Understanding Strata Insurance in Australia
Don’t risk the chance of getting caught without the right strata insurance for your apartment block or Duplex. There are different kinds of policies that are required for shared housing complexes or neighborhoods, and as an experienced commercial insurance broker, we can make sure you and any housing complex that you help manage are properly covered.

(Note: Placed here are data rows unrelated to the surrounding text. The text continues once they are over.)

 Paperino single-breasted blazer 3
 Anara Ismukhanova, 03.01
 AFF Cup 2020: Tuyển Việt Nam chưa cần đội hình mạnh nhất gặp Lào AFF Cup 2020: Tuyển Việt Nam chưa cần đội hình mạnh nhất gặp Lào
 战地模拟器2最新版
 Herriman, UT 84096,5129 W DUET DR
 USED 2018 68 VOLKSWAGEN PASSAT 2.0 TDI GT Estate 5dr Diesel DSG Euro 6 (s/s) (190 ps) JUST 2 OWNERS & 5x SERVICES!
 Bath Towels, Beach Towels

Of course, we also help our clients find competitive prices and insurers with good records of customer service and handling claims. At Hamilton Brokers, we are the leading commercial insurance brokers in Canberra. To learn more about our services you can visit our website here:
Understanding a Strata Title
A strata title is related to owning multi-level apartment complexes and horizontal neighborhoods. The name “strata” comes from the original meaning of the term applied to apartments that might be on different levels, or the strata, of a building. It was specifically designed to assist residents who have ownership of their own home, but then also have joint ownership of common areas. There had to be a way for all of the owners within the building to share the risks of this ownership and also share the expense of covering certain risks.
The term “strata” is a particularly Australian system of dividing ownership up for housing units, and it originated in this country in the early part of the 1960s. However, since then the term has spread and is now used in many other countries such as Canada, Singapore, and South Africa. However, we are only Australian commercial insurance brokers.

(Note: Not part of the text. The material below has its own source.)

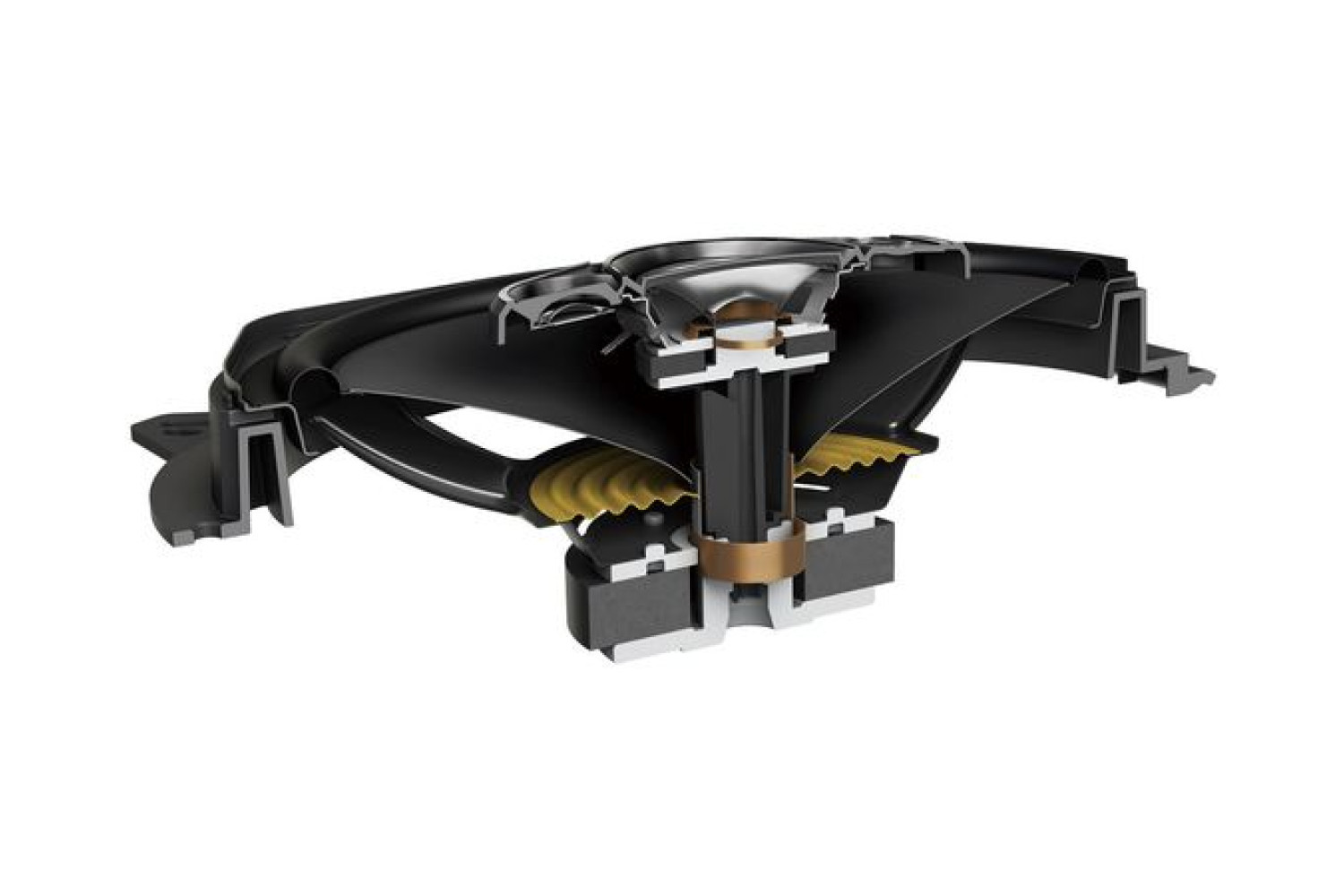 Автомобильная акустика Pioneer TS-A6970F Автомобильная акустика Pioneer TS-A6970F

The Basics of Strata Insurance
In some states, this particular type of insurance is also called body corporate cover which is insurance coverage that helps protect the common areas and building of housing property. It is most closely associated with large buildings that contain many individual residential units, but the term is also used for regular neighborhoods that have residents who share common walls or areas like club houses and pools.

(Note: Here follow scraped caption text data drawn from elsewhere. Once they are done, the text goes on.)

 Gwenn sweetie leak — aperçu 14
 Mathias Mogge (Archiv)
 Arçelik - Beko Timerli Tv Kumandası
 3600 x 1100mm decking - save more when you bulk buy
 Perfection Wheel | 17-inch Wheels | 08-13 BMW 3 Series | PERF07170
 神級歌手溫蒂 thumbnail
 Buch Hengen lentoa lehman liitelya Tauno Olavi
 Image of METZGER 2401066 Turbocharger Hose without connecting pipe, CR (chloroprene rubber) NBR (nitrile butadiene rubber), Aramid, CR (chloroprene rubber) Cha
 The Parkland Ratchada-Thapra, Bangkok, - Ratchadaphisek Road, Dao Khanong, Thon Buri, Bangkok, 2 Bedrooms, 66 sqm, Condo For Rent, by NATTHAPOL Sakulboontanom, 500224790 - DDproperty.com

The owners of the strata titles will usually share the premium of this kind of policy the way that they share these common parts of a housing development. Typically, the cost is evenly prorated to all residents. However, in some cases the management may prorate depending on the size or value of the individual residence. In any case, the premium cost will come out of normal strata fees. In each Australian state this kind of insurance is mandatory.
Is Strata Insurance More Expensive In Some Regions?
In some parts of the country, insurers have studied the history of claims and have found that some areas have greater risks when insuring property. For example, parts of Australia that are prone to cyclones face a larger risk than those that don’t. As a result, the area where there is a risk of natural hazards will have higher insurance costs than those places where insurers believe that the risk is fairly small.
Also, the premium for any one apartment block or other kind of housing development might depend upon the value, risk, and type of shared property and the amount of claims the property has experienced. For example, it might cost a lot less to share a street-level parking lot than it is to cover a complex with a swimming pool or gymnasium.
What Kinds Of Risks Does Strata Insurance Cover?
Strata insurance covers the all physical assets of a apartment or unit complex for property owners. This might include an underground or street-level parking garage, swimming pool, park, or playground. It also typically covers the external structure of a shared building like the outer walls, roof, ceilings, electrical wiring, and floors.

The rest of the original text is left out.